The implications of Walt Disney Co.’s purchase of Rupert Murdoch’s 21st Century Fox Inc. in a $52.4 billion deal may take time to play out, but the Indian film industry experts say such consolidation is just the tip of the iceberg for this part of the world. The influx of over-the-top (OTT) video streaming platforms has necessitated major changes in the film world.
“If you see a recent trend, urban, slice-of-life films have seen decreased footfalls. That’s because there is a corresponding increase in streams and availability of similar content on OTT platforms,” said Vikram Malhotra of Abundantia Entertainment, which has co-produced films like Airlift and Toilet: Ek Prem Katha. “So unless films are spectacular, they are not going to call people to theatres. What that does on the content as well as the production side is demand the creation of such spectacular content. Effectively, the consumer side of the equation is what is now going to influence such consolidation or disruption.”
Spectacles, by definition, require investment, with or without stars, Malhotra added. So only those with deep pockets will be able to attempt such projects. Therefore, consolidation becomes that much more important to the film industry.
“As we see the lines between traditional theatrical revenues, television revenues and digital revenues blurring, it will be impossible for companies to survive in any one domain,” said Jyoti Deshpande, group chief executive officer, Eros International, which has explicitly announced a focus on its streaming service Eros Now. “So I think this is just the beginning of large-scale mergers and acquisitions that we are here to see. In the international market, technology or telecommunication companies will look to consolidate with new-age digital media companies. The Indian media and entertainment market is too small and fragmented but I see consolidation happening in some shape or form.”

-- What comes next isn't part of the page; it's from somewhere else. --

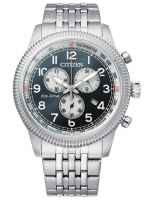 Uhr: Citizen AT2460-89L Eco Drive Chronograph 43mm 10ATM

One will see television or movie companies moving to digital, for example, Deshpande said. Like Eros turned to Eros Now, or large-scale M&A happening between the telcos and some of the content players. On 18 December 2017, Mint reported that Reliance Jio Infocomm Ltd, the telecom arm of Reliance Industries (RIL), is in talks with several web content developers to create content for its users. So far, RIL has Star India’s video streaming app Hotstar and Siddharth Roy Kapur’s production house Roy Kapur Films on board. Last year, it bought 24.9% stake in ALTBalaji, the OTT platform owned by Balaji Telefilms, for Rs413 crore.
The role of independent producers will also change. The main thing that smaller players lack, Deshpande said, is a balance sheet. They’re risk-averse and not putting in their own money currently, a studio is often funding their films.

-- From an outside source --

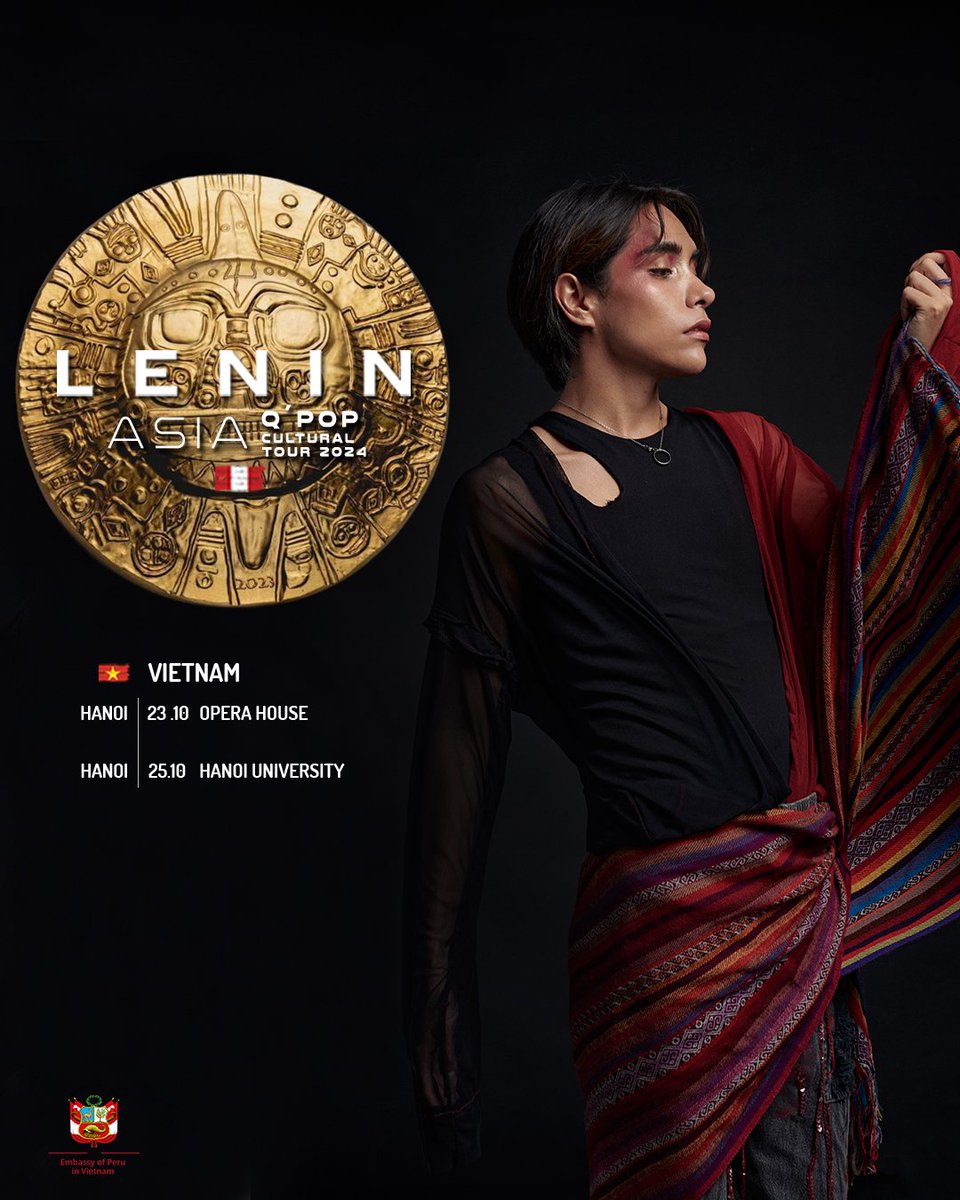 Lenintamayoqpop's tweet image. ASIA Q&apos;POP TOUR 2024 🇵🇪🇰🇷🇮🇳🇹🇭🇻🇳  FECHAS 📅
Estamos muy emocionados por esta aventura, estamos preparando muchas sorpresas en esta gira, suyankichis.
¡Phaway!🕊
#leninqpop #amorylibertad #qpop #quehuapop #asiaqpoptour #perú #korea #India #thailand #vietnam #kpop #TPOP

“If you want to make long-term deals and have some scale, you can’t jump from partner to partner but decide whom you want to work with. Finding that one stable partner and making a meaningful sticky deal is the kind of consolidation that can happen within the film sector,” Deshpande said.

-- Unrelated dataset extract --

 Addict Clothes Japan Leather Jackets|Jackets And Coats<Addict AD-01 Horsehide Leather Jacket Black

Gaurav Verma, chief revenue officer at Red Chillies Entertainment, said more collaborations are happening between production companies in the last one-and-a-half years. For example, Red Chillies’s mystery thriller Ittefaq was a co-production with Dharma Productions and BR Studios.
“The idea is to create more content and use each other’s capabilities to add more value to films and to each other,” he said.
Such practical, special purpose alliances where studios partner with independent investors or talent also helps offset individual costs and investment, and fund the production and output costs of large-scale movies. But essentially, it all boils down to catering to the hard-to-please consumer who is now exposed to digital platforms and will not be drawn to theatres for sub-standard fare. As Verma said, the audience is evolving with more choices of entertainment, especially the global streaming platforms. “The creative business has to evolve with it, clearly it’s not a template business,” said Verma.
“It’s nothing else but that Netflix fear,” said a film producer, on the condition of anonymity. “It’s that looming fear that Amazon Prime and Netflix which are already taking away talent by the dozen, if tomorrow they start getting into things like news and sports, the traditional broadcast model could be rendered irrelevant overnight.”